→ **Instructions for the task**
Below are records with pictures. Reproduce exactly the lines from the line with "Genç Timaş Uzay" to the line with "Tabletop Terrain Terrain", inclusive, and leave each picture out.

→ **Given records**
——
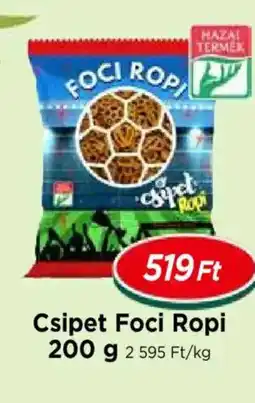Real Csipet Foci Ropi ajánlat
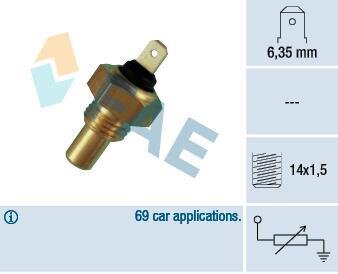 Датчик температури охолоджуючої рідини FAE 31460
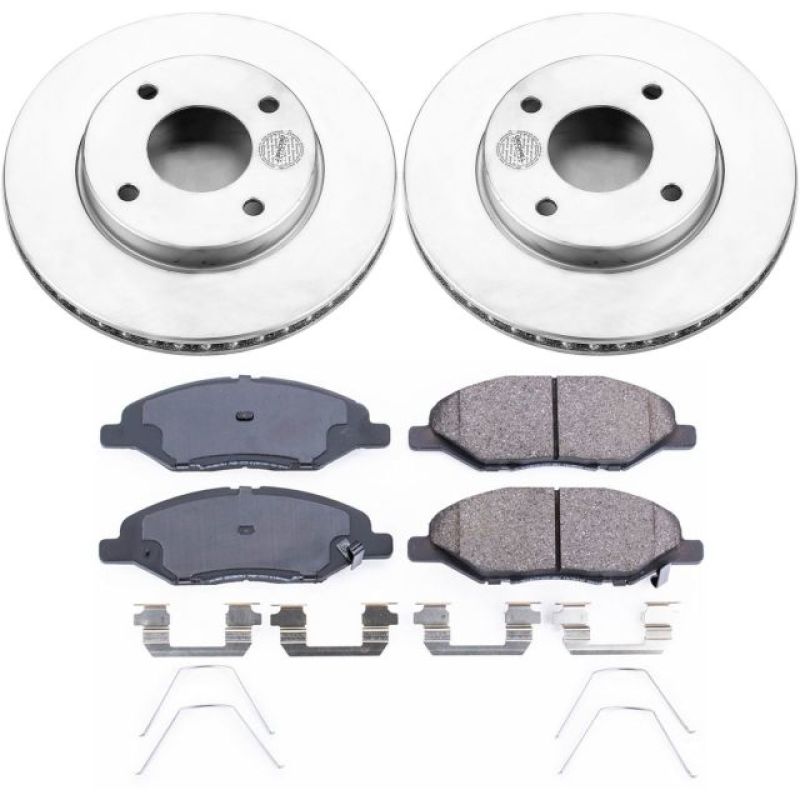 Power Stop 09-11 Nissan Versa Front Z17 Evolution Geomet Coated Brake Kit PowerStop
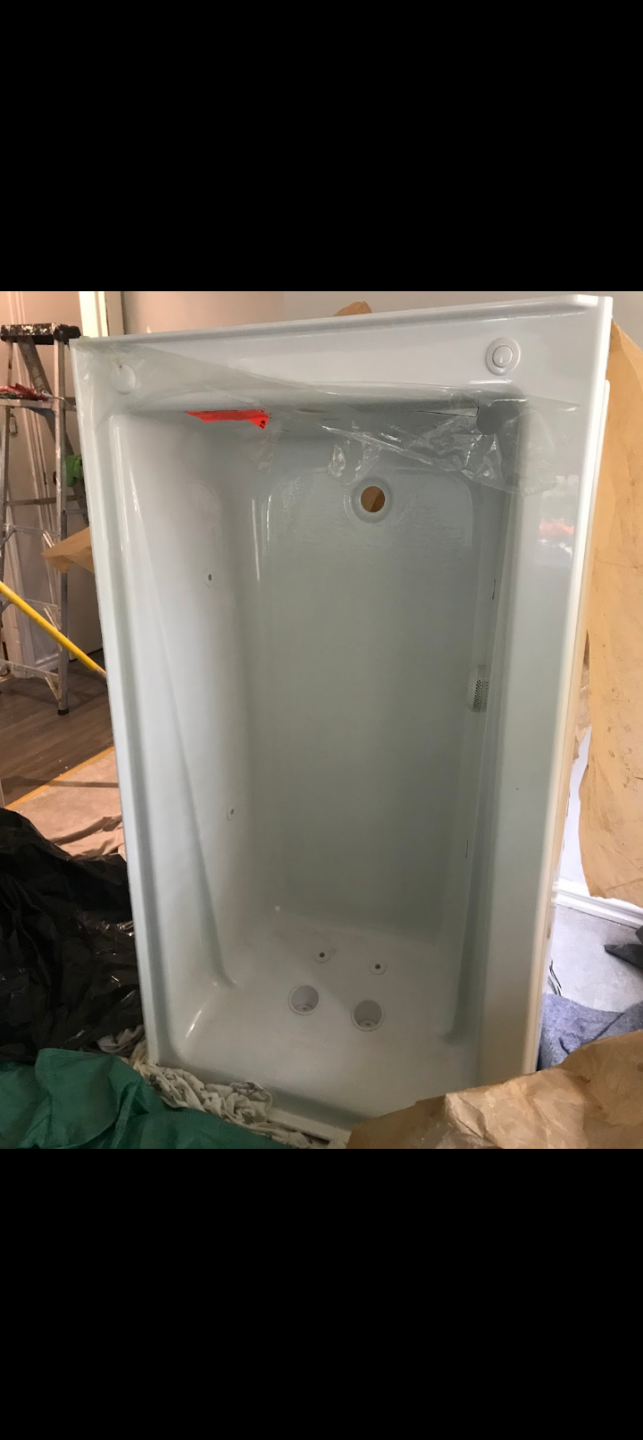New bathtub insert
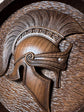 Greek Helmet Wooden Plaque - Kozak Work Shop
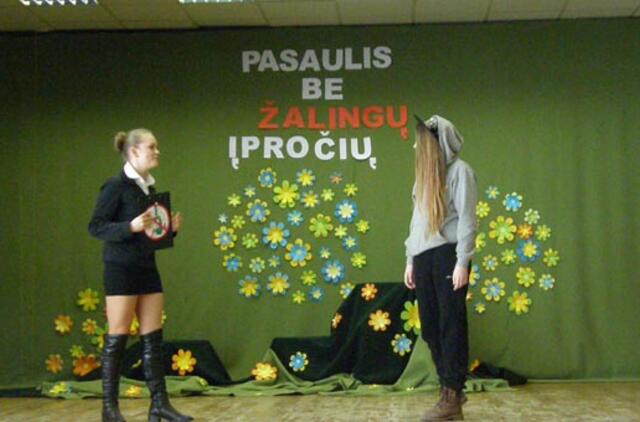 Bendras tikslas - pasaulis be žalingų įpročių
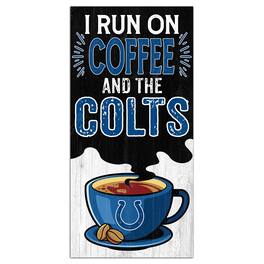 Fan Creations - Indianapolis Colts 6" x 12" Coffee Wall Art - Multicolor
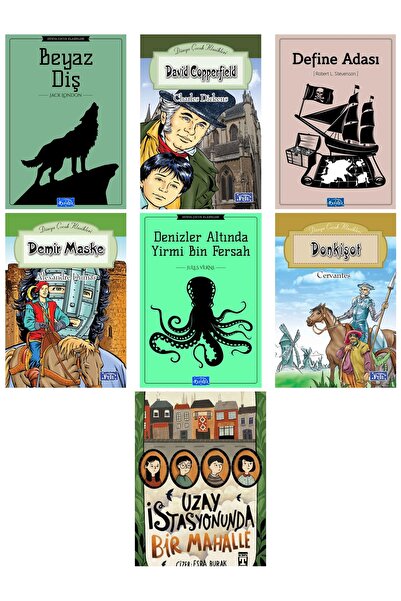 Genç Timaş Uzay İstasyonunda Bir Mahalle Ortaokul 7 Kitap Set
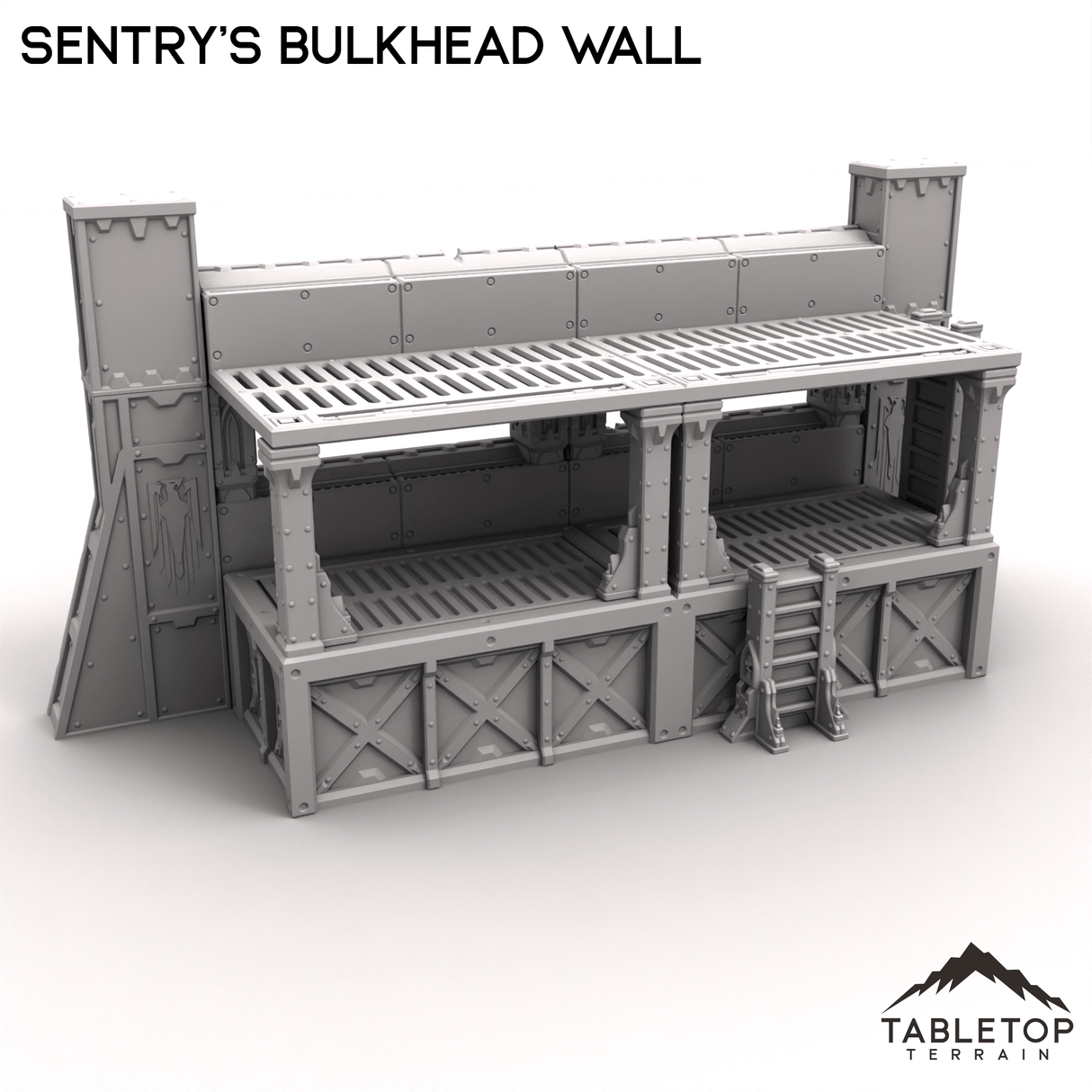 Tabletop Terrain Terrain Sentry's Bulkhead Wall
——
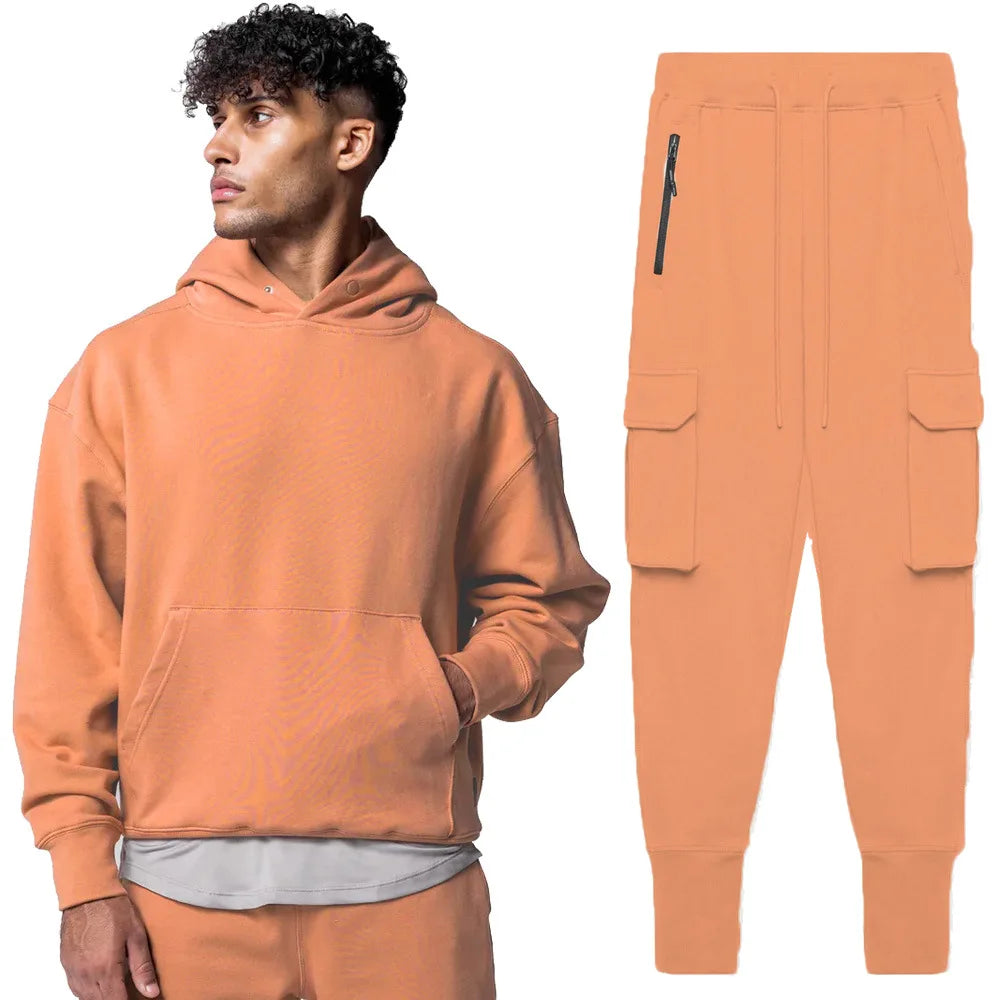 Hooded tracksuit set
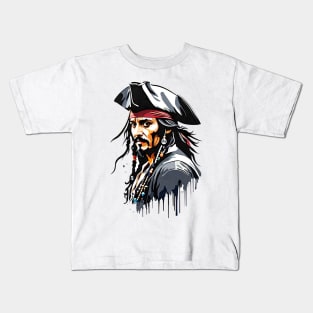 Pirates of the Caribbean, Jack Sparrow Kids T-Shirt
——
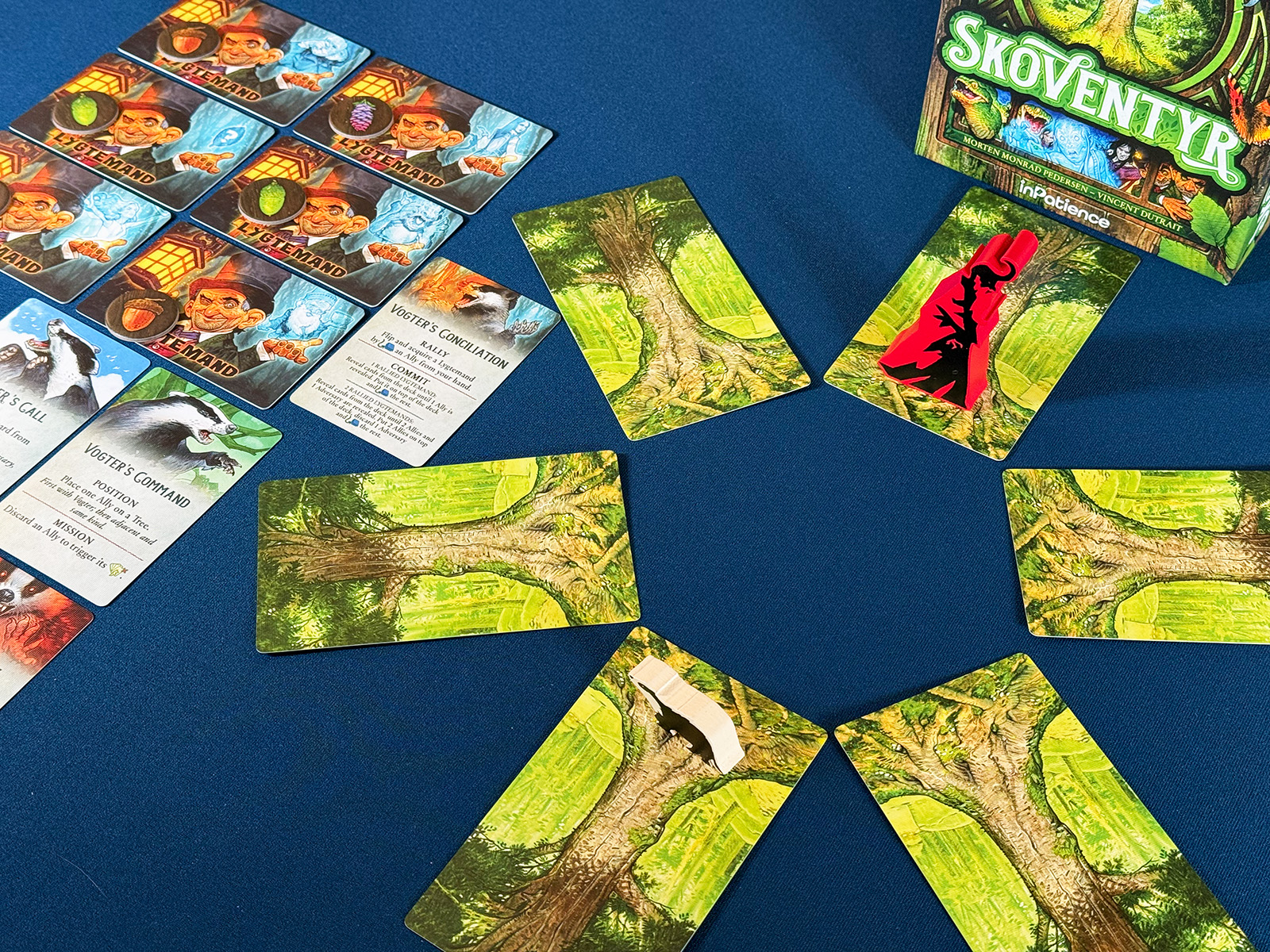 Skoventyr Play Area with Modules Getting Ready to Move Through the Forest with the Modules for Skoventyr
——
→ **Solution to this task**
 Genç Timaş Uzay İstasyonunda Bir Mahalle Ortaokul 7 Kitap Set
 Tabletop Terrain Terrain Sentry's Bulkhead Wall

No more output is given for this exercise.